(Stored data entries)
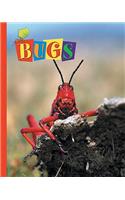 Bugs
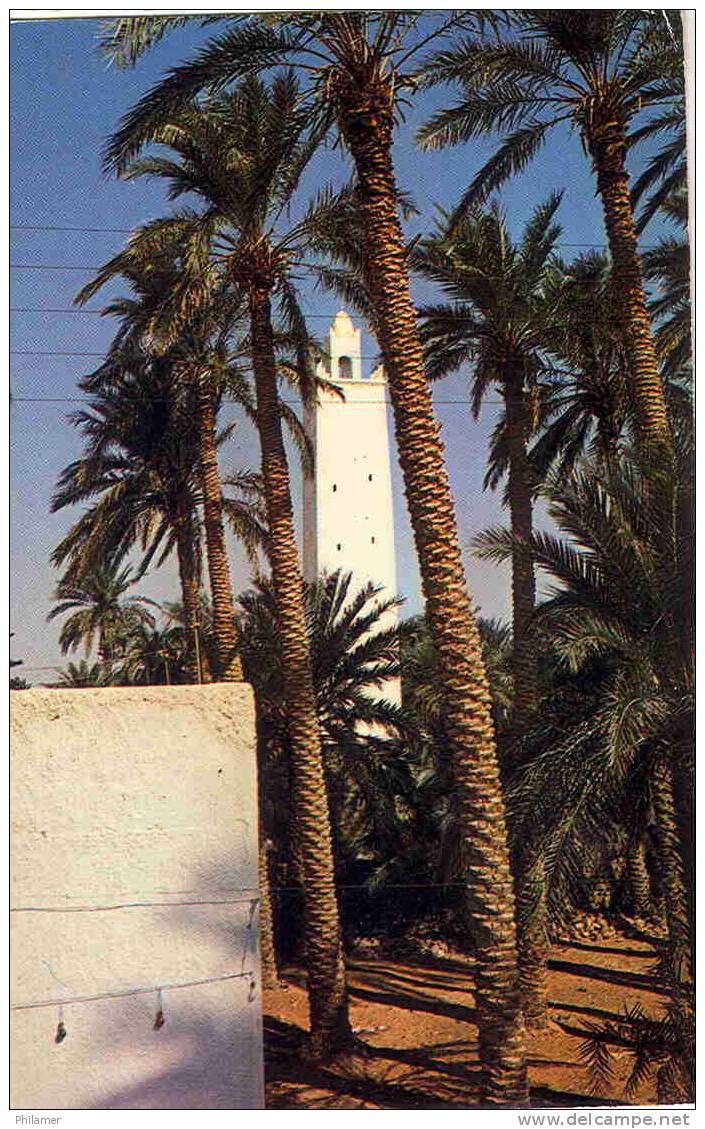 algerie carte postale N°4173 el golea la mosquee palmier ut TBE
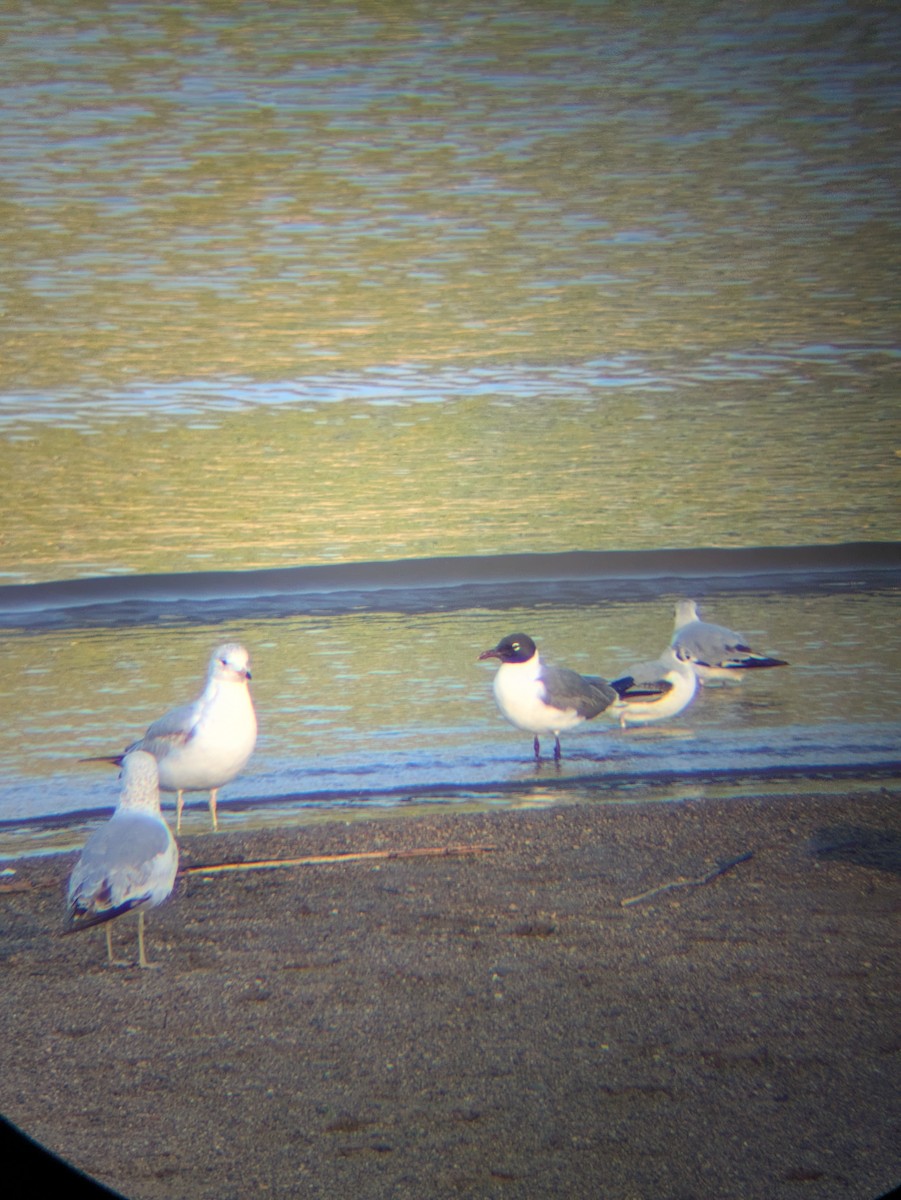 Laughing Gull - ML634524126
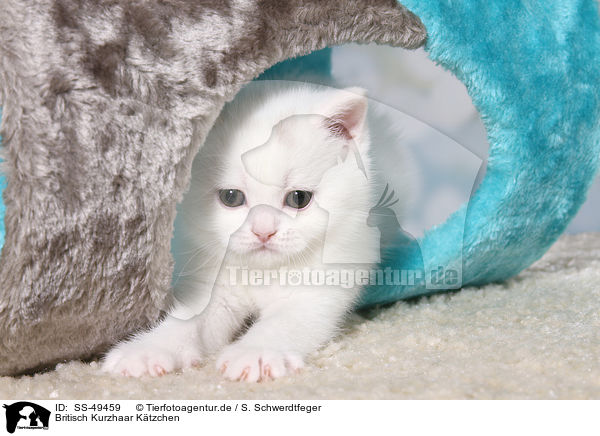 Britisch Kurzhaar Ktzchen / British Shorthair Kitten / SS-49459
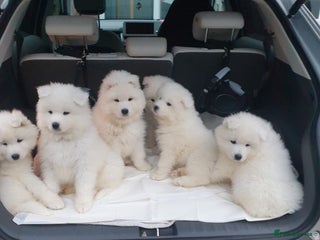 Samoyed dogs - Advert 1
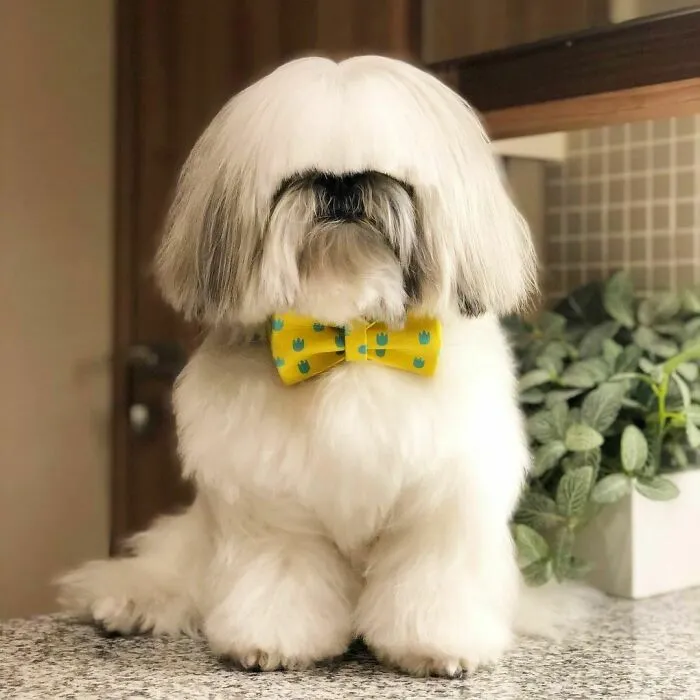 This Instagram-Famous Dog Fashionista Looks Like A Pop Star (47 Pics)
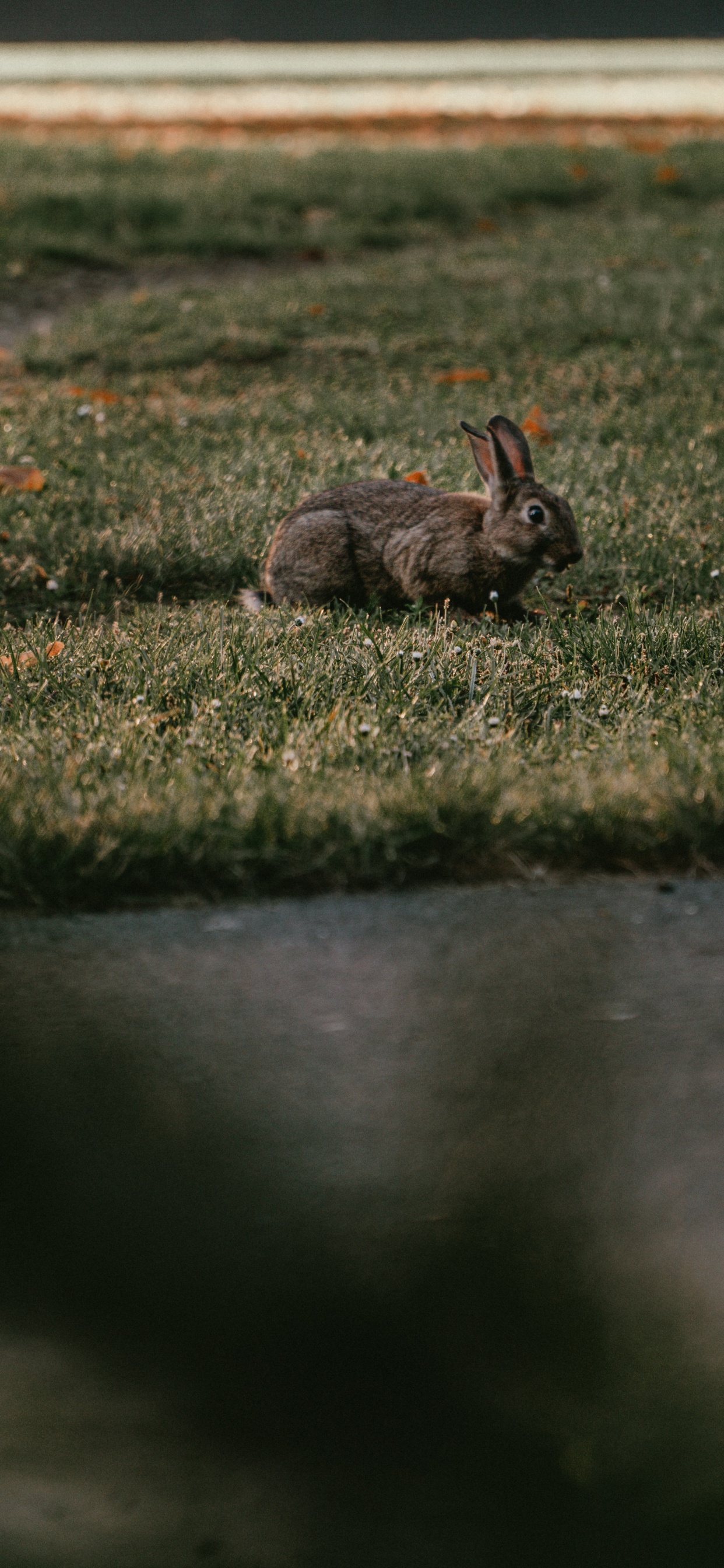 Lapin Brun Sur Champ D'herbe Verte. Wallpaper in 1242x2688 Resolution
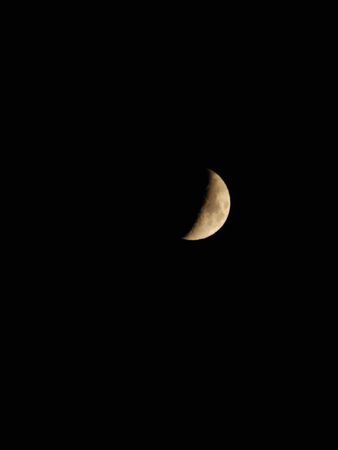 A quarter moon on a clear nightの写真素材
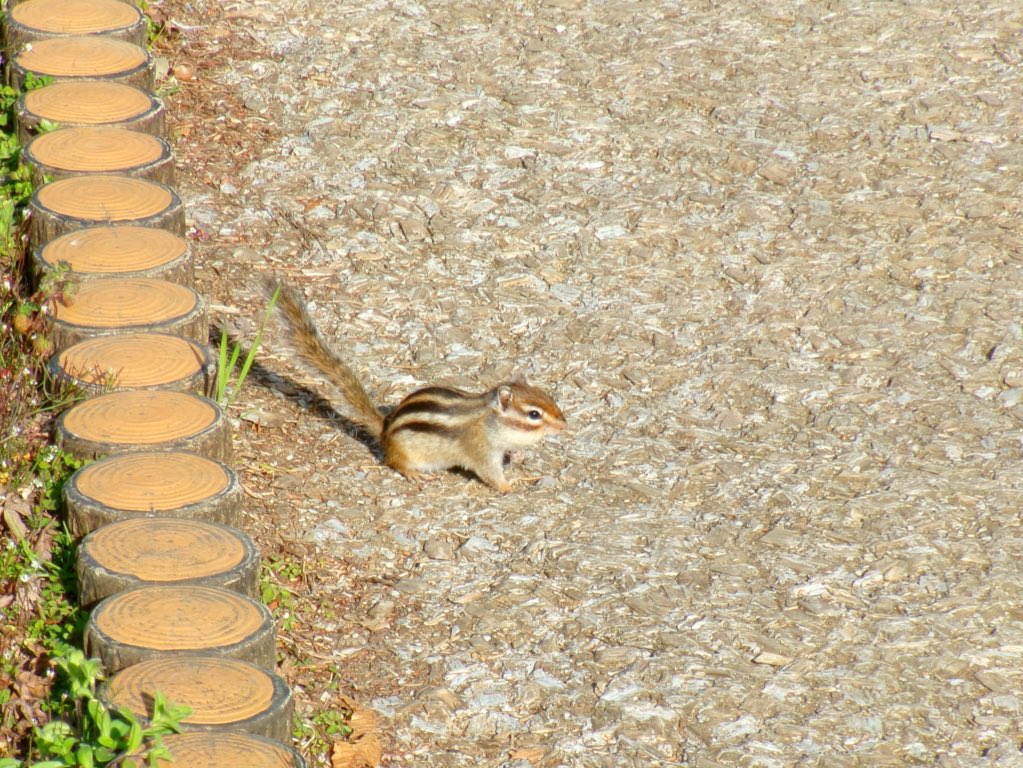 iruka_00_mia's tweet image. リスかわいかったなぁ🐿ˊ˗

#FZ55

What you will do
Using the records above, copy exactly and only the lines from the line with "Britisch Kurzhaar Ktzchen" through the end, both included; leave every picture out.

Exercise answer
 Britisch Kurzhaar Ktzchen / British Shorthair Kitten / SS-49459
 Samoyed dogs - Advert 1
 This Instagram-Famous Dog Fashionista Looks Like A Pop Star (47 Pics)
 Lapin Brun Sur Champ D'herbe Verte. Wallpaper in 1242x2688 Resolution
 A quarter moon on a clear nightの写真素材
 iruka_00_mia's tweet image. リスかわいかったなぁ🐿ˊ˗

#FZ55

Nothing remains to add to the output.